__Prompt__
Once the line containing "百事可乐 百事/七喜/美年达（4+1+1）汽水可乐 混装330ml*6" has been copied, stop; copy every line before it exactly, beginning with the first line of the material below.

__The data__
Content starts

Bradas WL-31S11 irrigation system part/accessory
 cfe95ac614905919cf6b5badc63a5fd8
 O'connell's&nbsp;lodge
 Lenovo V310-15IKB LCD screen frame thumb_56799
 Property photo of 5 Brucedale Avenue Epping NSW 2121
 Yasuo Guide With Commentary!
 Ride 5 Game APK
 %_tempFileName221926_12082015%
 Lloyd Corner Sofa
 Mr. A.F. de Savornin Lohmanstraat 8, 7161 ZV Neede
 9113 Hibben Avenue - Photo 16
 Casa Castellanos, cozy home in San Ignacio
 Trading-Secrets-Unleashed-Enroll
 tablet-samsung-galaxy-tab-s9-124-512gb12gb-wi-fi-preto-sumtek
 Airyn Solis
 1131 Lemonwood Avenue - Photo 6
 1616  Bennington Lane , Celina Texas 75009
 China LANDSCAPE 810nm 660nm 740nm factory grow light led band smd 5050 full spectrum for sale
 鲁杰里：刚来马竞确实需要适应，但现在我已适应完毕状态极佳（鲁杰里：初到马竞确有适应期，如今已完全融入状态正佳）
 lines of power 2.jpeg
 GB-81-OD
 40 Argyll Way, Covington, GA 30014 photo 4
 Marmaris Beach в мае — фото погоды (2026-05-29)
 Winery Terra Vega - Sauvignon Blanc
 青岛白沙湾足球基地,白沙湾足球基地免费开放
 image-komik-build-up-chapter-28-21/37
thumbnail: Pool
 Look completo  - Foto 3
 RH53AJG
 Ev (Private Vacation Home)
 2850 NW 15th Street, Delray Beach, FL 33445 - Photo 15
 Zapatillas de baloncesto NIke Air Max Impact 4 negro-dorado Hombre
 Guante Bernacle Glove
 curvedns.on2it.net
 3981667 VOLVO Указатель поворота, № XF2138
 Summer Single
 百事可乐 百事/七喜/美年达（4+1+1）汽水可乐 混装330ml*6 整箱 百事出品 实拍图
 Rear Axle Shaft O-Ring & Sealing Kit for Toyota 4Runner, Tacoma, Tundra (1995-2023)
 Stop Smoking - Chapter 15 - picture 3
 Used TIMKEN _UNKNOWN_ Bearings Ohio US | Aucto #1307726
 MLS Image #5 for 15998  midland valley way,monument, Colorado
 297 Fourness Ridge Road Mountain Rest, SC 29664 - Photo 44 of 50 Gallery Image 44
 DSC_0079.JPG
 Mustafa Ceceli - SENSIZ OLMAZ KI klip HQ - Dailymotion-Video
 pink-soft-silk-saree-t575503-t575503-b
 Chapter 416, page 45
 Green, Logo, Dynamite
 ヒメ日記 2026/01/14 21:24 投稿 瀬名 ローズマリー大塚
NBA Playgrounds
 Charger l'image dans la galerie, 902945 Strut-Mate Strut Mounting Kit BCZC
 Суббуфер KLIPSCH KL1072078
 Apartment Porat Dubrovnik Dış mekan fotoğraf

Content ends

__Exercise output__
Bradas WL-31S11 irrigation system part/accessory
 cfe95ac614905919cf6b5badc63a5fd8
 O'connell's&nbsp;lodge
 Lenovo V310-15IKB LCD screen frame thumb_56799
 Property photo of 5 Brucedale Avenue Epping NSW 2121
 Yasuo Guide With Commentary!
 Ride 5 Game APK
 %_tempFileName221926_12082015%
 Lloyd Corner Sofa
 Mr. A.F. de Savornin Lohmanstraat 8, 7161 ZV Neede
 9113 Hibben Avenue - Photo 16
 Casa Castellanos, cozy home in San Ignacio
 Trading-Secrets-Unleashed-Enroll
 tablet-samsung-galaxy-tab-s9-124-512gb12gb-wi-fi-preto-sumtek
 Airyn Solis
 1131 Lemonwood Avenue - Photo 6
 1616  Bennington Lane , Celina Texas 75009
 China LANDSCAPE 810nm 660nm 740nm factory grow light led band smd 5050 full spectrum for sale
 鲁杰里：刚来马竞确实需要适应，但现在我已适应完毕状态极佳（鲁杰里：初到马竞确有适应期，如今已完全融入状态正佳）
 lines of power 2.jpeg
 GB-81-OD
 40 Argyll Way, Covington, GA 30014 photo 4
 Marmaris Beach в мае — фото погоды (2026-05-29)
 Winery Terra Vega - Sauvignon Blanc
 青岛白沙湾足球基地,白沙湾足球基地免费开放
 image-komik-build-up-chapter-28-21/37
thumbnail: Pool
 Look completo  - Foto 3
 RH53AJG
 Ev (Private Vacation Home)
 2850 NW 15th Street, Delray Beach, FL 33445 - Photo 15
 Zapatillas de baloncesto NIke Air Max Impact 4 negro-dorado Hombre
 Guante Bernacle Glove
 curvedns.on2it.net
 3981667 VOLVO Указатель поворота, № XF2138
 Summer Single
 百事可乐 百事/七喜/美年达（4+1+1）汽水可乐 混装330ml*6 整箱 百事出品 实拍图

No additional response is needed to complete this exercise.